異世界のアフレクションネクロマンサー127
吠えたフレン。
「鳥」という自分達を見張っている存在を、オーク達が知るというのは本国に対する盾突く行為であり、知っている事がバレれば殺されても文句は言えない。
だから、知ってしまって不信感から眉を一つ動かし、知っているからこそ緊張から唇を舐めてしまわないように、処刑されないように教えなかったのに、
「ビレーさん達の身を案じているのは分かりますが、所々を言ってうやむやにするでは無く、真実を言わなければならないでしょ。」
「君は!!事の重大さを理解していない!!」
これによって、後戻りが出来なくなってしまった。
まだ、本国と争うのか従順に従うのか、決めていなかったはずなのに、勝手な事をするアフレクションネクロマンサーを責めようとするが、
「帰る故郷も無く、待っていてくれる人がいないから、何かあれば無責任に逃げ出せる……そうかもしれませんが、その何も無い第三者の視点から言わせて貰えれば、もうひた隠しにしている場合では無いですよ。教えない事で長生き出来るなら自分だって黙っていますが、知らなければ死ぬ状況なんです」
「ぐっ……」
「何も、この街に住む人達全員に真実を伝えようと言っているのではありません。申し訳無いですが、ビレーさんとベルガさんには地獄に付き合って貰うべきです」
逆に自分の方が責め立てられる……いや、アフレクションネクロマンサーが言っている事の方が正しいと分かっているから、反論をしないのだ。

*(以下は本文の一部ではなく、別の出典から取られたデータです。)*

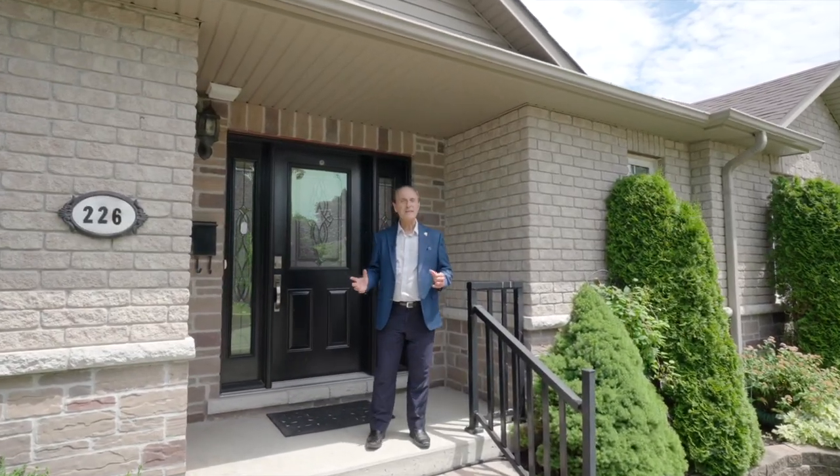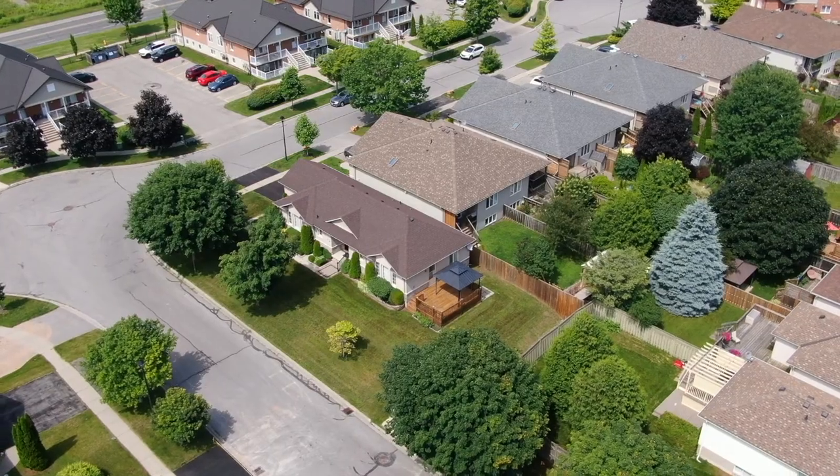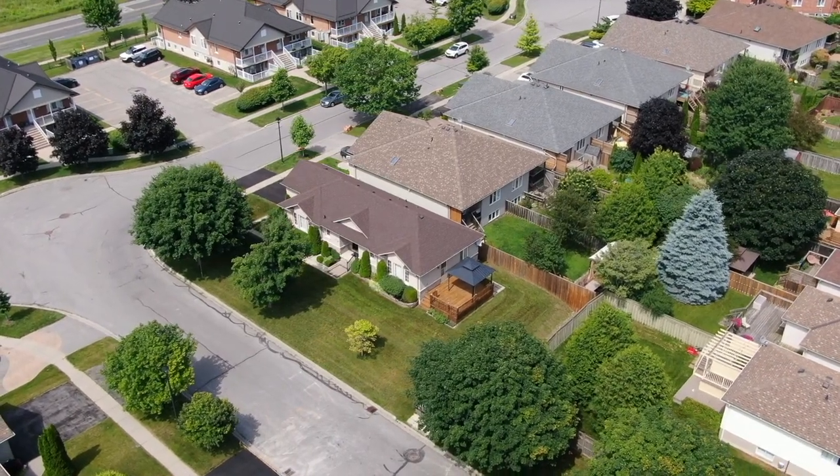Hi everyone, we're at 226 Rattan Terrace in Coburg. This lovely two-bedroom bungalow is situated in a great area. There have been many, many upgrades and improvements. Come on in, let's go take a look.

「包み隠さずに言いましょう。貴族もしょせんは駒でしかない事、本国に住んでいるのは貴族では無く「本国の人」がいるという事を……そして、その人達が一体何を望んでいるのかを、ビレーさん達に教えないと後悔しますよ」
「…………」
「教えてくれフレン……我々オーク達が本国に触れる事は死を意味するのは分かっている。だから、我々が変な動きをして処刑されないように黙っていたのも……だが、アフレクションネクロマンサー様が言うのが本当なら……いや、アフレクションネクロマンサー様が言う事に反論しないのなら、それがお前の中にある答えのはずだ」
ベルガは、友であるフレンが黙っているのは、本国の為では無く我々を守る為だというのは察していたが、その守ろうとしてくれている行為が今においては、逆にみんなの未来を閉ざす事になるのではと思うのであった。